The numbers makes me dizzy, and tired. How is it possible to keep track of so much, happening so fast, and all of it subject to the quantum mechanics, the house rules of the extremely small, by which anything can be anywhere until you measure it?
Quantum accidents happen all the time. Why haven’t I simply vanished into a quantum fizz like Schrodinger’s cat, both dead and alive at the same time? I can only conclude that there is safety and stability in the astronomical numbers of which we are composed. Perhaps the large numbers constitute a bulwark against quantum uncertainty. So I am here — I think.

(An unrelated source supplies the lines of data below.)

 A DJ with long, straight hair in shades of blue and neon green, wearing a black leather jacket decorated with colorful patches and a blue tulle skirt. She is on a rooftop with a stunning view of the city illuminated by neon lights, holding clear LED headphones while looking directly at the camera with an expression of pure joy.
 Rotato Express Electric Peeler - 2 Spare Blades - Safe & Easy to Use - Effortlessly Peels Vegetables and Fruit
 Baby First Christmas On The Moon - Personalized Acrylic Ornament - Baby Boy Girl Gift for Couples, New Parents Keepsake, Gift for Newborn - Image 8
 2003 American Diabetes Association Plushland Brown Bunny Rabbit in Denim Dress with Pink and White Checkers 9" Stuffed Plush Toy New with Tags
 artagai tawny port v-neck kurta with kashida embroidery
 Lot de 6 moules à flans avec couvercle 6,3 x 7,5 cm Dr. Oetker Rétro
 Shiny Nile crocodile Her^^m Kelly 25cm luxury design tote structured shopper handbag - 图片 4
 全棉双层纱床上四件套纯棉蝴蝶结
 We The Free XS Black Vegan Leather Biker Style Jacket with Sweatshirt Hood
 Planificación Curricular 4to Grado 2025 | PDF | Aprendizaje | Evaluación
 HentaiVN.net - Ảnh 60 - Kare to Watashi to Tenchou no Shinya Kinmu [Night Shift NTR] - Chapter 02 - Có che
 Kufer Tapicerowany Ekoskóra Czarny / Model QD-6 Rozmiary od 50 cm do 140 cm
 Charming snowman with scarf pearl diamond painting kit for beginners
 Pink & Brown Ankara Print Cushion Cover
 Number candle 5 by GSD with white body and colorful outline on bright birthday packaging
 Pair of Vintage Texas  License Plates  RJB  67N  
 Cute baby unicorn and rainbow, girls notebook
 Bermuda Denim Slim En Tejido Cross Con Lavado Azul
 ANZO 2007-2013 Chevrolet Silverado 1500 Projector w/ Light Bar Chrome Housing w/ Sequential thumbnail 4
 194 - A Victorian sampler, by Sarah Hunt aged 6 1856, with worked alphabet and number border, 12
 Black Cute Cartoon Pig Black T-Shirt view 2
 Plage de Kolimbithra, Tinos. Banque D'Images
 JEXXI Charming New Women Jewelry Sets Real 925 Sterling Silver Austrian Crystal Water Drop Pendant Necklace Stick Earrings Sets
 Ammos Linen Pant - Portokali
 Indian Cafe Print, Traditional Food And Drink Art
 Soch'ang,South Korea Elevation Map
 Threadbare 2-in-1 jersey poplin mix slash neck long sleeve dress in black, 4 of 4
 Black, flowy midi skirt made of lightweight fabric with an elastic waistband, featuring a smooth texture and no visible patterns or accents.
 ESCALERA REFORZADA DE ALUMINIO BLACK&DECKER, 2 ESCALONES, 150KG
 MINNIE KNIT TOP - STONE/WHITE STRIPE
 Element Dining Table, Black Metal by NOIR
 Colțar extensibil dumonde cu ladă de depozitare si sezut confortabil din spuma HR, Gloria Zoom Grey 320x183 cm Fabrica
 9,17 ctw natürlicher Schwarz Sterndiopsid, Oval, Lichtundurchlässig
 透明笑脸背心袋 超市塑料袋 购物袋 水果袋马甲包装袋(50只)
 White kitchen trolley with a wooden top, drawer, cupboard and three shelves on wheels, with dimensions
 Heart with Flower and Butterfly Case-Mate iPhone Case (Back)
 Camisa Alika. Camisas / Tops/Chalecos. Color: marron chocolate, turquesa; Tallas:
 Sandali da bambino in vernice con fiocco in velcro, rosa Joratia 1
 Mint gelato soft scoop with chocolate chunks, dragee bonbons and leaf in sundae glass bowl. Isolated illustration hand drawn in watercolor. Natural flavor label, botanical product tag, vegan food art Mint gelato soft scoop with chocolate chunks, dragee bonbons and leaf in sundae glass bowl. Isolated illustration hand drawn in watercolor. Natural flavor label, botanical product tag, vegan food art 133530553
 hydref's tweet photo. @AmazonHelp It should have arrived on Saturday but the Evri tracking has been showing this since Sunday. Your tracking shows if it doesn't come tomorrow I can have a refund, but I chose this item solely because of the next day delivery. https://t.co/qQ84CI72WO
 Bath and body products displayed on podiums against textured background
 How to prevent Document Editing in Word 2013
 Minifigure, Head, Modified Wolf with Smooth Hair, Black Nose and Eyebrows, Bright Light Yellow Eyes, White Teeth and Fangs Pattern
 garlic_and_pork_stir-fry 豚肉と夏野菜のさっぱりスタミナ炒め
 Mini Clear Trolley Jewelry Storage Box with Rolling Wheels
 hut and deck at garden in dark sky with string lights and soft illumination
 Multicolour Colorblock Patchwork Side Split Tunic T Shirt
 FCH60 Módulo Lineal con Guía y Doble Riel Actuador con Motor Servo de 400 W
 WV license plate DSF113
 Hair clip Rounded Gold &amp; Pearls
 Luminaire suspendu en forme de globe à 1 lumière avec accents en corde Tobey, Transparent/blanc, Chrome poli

We humans are so stuck in the middle of the cosmic scales — in average height, one-septillionth (10^-24) the size of the universe, and with typical life spans of a couple octillion attoseconds. And an attosecond is an eternity compared with the lifetime of the elusive Higgs boson, a subatomic particle that exists for one-thousandth of an attosecond before decaying.
According to astrophysicists, one of the most exciting and fundamental events in the universe, known blandly as inflation, took only one-hundredth of a quectosecond (10^-32 of a second) after time began to shape space-time and the particles and forces that would inhabit it.
As Dr. Feynman noted, there are still shorter scales of time and distance to go before we reach the ultimate limits imposed by quantum physics: the Planck length, 10^-33 of a centimeter, and the Planck time, 10^-43 of a second. Both are named for the German physicist Max Planck, who made the breakthrough that led to quantum mechanics.
With more energy, money and ingenuity, science might complete the voyage through inner space to these limits, even as we reach for the stars. The world beneath and inside our fingernails may yet be as exciting and dramatic as the vista that unfolds every night above us.